What to Include in Every Brand Deal Deliverables List

The most common source of friction in brand deals isn't the rate. It's the deliverables.
A creator thinks they're producing one video. The brand thinks they're getting a video, three stories, a raw file, and resharing rights for paid ads. Nobody wrote it down clearly. The deal goes sideways, payments get held, the relationship ends, and both sides walk away frustrated.
This happens constantly. It happens to experienced creators who should know better, because they treat the deliverables list as an afterthought instead of the foundation of the entire agreement.
A clear deliverables list protects you legally, prevents scope creep, and — maybe most importantly — gives you something concrete to track as you work through the campaign.

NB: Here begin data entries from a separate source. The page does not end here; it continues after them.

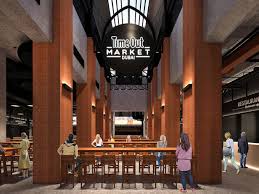 Time Out Market New York Reopens Outdoor Dining And Takeout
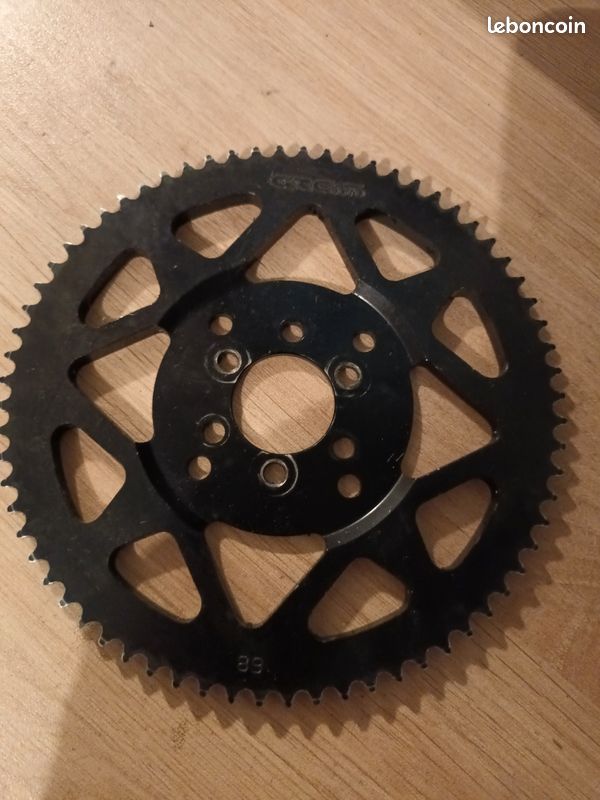 Couronne pocket bike GRC 68 (image 1)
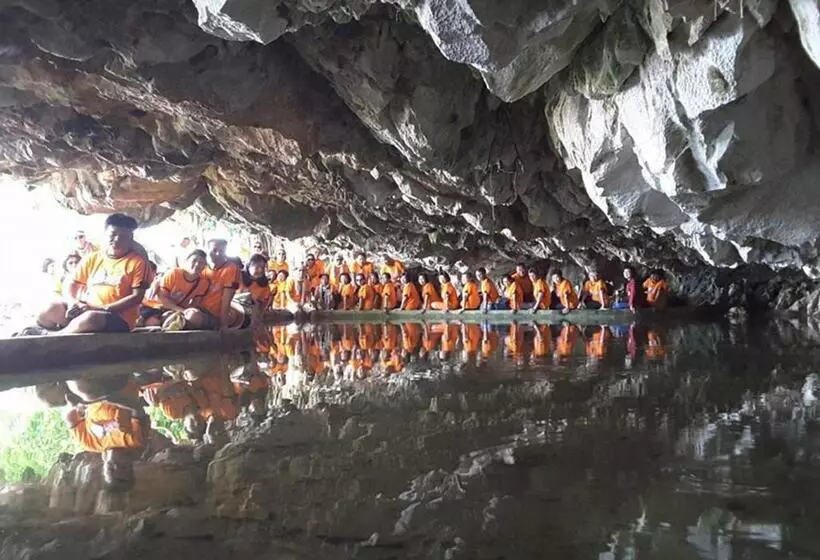 Hotelli Hadthong Resort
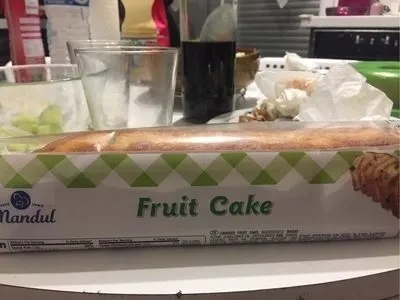 Fruit cake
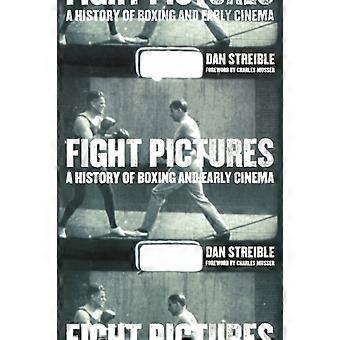 Fight Pictures - Dan Streible - Paperback - en Book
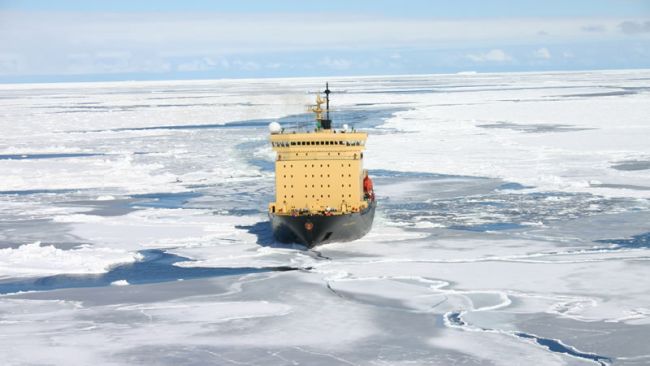 PEA_sea_route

Here's what belongs in every one.
What a Deliverables List Actually Is
A deliverables list is a specific, exhaustive description of every piece of work the brand is paying for. It's not a summary of the campaign concept. It's an itemized breakdown — specific enough that if either party pulled it up six months later with no other context, they'd know exactly what was agreed.
It lives in your contract, but it should also exist as a working checklist you update as you complete each item. That checklist is what prevents missed deadlines and protects you if a brand ever tries to expand the scope without a conversation.
The Core Items Every Deliverables List Needs
1. Content Type and Format
Specify exactly what you're creating. Not just "a video" — the platform, format, and length.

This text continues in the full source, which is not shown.